• _Supplied material_:
++++
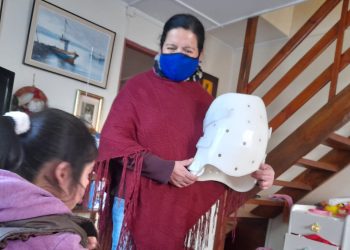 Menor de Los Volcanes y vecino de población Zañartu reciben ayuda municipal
++++
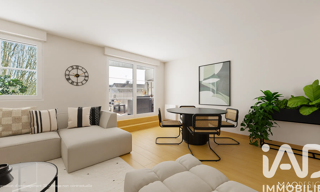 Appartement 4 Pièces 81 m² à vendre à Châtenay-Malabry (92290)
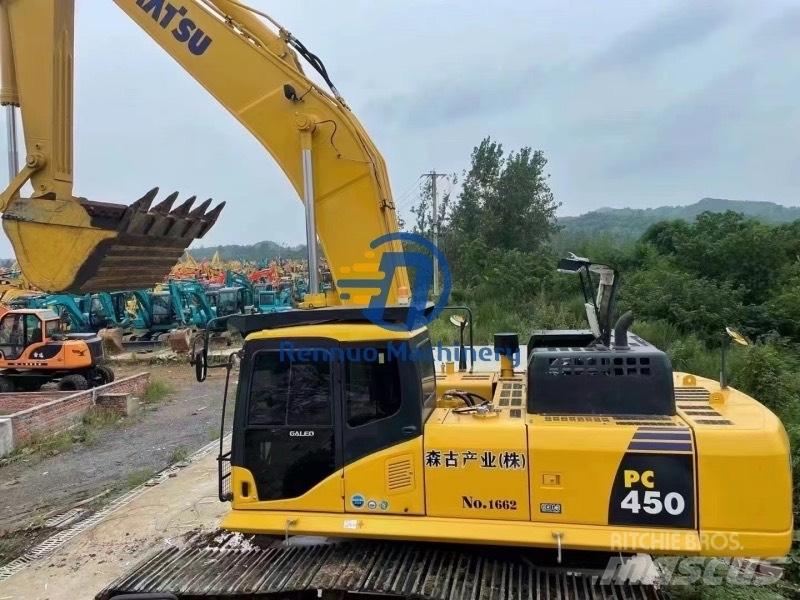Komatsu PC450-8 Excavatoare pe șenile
++++
Reproduce the listing above from the line that holds "Appartement 4 Pièces" through the line that holds "Komatsu PC450-8 Excavatoare pe șenile", both included, with the pictures left out.

• _Task answer_:
 Appartement 4 Pièces 81 m² à vendre à Châtenay-Malabry (92290)
Komatsu PC450-8 Excavatoare pe șenile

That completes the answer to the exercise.